メディアフォーカス

グーグル社シュミット会長,英国テレビ業界との「良好な関係構築」を呼び掛け

英国メディア界の重鎮が一堂に会し, エディンバラで開かれた国際テレビ祭で8月26日,グーグル社のエリック・シュミット(Eric Schmidt)会長が講演し,グーグルとテレビ業界は敵対関係にあるのではなく,協力してテレビの新たな未来を築いていけると訴えた。

エディンバラ国際テレビ祭の基調講演では,ニューズ・コーポレーションのジェームズ・マードック氏やBBC会長など,毎年話題の人が壇上にあがり,時には物議を醸す過激なスピーチを行うことで注目されている。その講演者に今年選ばれたのはグーグル社のエリック・シュミット会長で,テレビ業界以外からの人選は初めてである。

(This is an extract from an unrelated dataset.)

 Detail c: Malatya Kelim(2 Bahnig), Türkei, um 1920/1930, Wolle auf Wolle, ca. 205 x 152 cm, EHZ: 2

講演の冒頭,シュミット氏は,グーグルとイギリスのテレビ業界が協力すれば,テレビの未来は楽観できると呼び掛けた。そして,現在20億人以上の利用者がいるインターネットはテレビの将来にとって不可欠だと指摘し,「ネットと融合することで,伝統的なテレビではできなかった,視聴者が求める新たなサービスが可能になる」とアピールした。その例として「多チャンネル時代には,個々人の見たいコンテンツを,送り手側が推薦できるかが生命線だ。究極的には,常に魅力的で,関心を持てて,時間をかけても見る価値のある番組が見られるようになるだろう」と,視聴者一人ひとりのニーズにきめ細かく対応したサービスが生き残りのカギになると将来像を語った。

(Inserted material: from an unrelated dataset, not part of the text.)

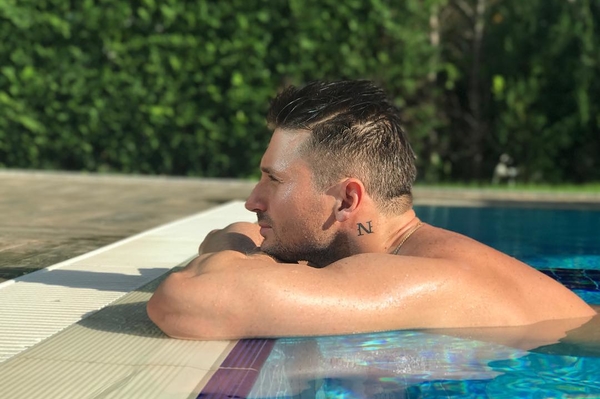 instagram.com/lazarevsergey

このように視聴の個人化(Personalisation)を予測する一方で,シュミット氏は,テレビ視聴の双方向性,社会性を強調し,「多くの人は,テレビを通して社会との関わりを求めている。テレビ視聴がすべてオンデマンドになるとは思わない。リアルタイムで見たいという需要は常にある」と述べて,視聴者が自分の世界に閉じこもるのではなく,社会的(Social)なつながりを求め,番組に関わるようになると分析した。

視聴者のアクティブな参加については,BBCも2006年春に発表した「放送の創造的未来」と題した構想の中で重視する意向を示し,見逃しサービスiPlayerの開発やソーシャルメディアの番組での活用を進めてきた。こうした動きを踏まえ,シュミット氏は「私はBBCのiPlayer開発チームに最大の敬意を払う」と述べるなど,イギリスのデジタル時代への取り組みに賛辞を惜しまなかった。イギリスでは,2012年初頭にも「You View」の名称でインターネット接続テレビのサービスが開始される予定であり,それを前に良好な関係を築きたいという思いが背景にみえる。

講演の最後にシュミット氏は,「デジタル時代に見事に対応してきたイギリスのテレビ業界は,世界を舞台に成功できる」と呼び掛け,「グーグルは,皆さんの敵ではなくパートナーになりたい」とラブコールを送った。

グーグルは,アメリカではABCやCBSなど地上放送局とコンテンツの使用を巡ってぎくしゃくした関係にある上,プラットフォームビジネスではアップルなどライバル社との競争も視野にある。国際テレビ祭の講演として,シュミット氏にテレビ業界に対する,より過激な発言を期待する向きもあったようだが,結果は,コンテンツ提供のカギを握るテレビ業界と仲良くしておきたいというメッセージが際立つスピーチとなった。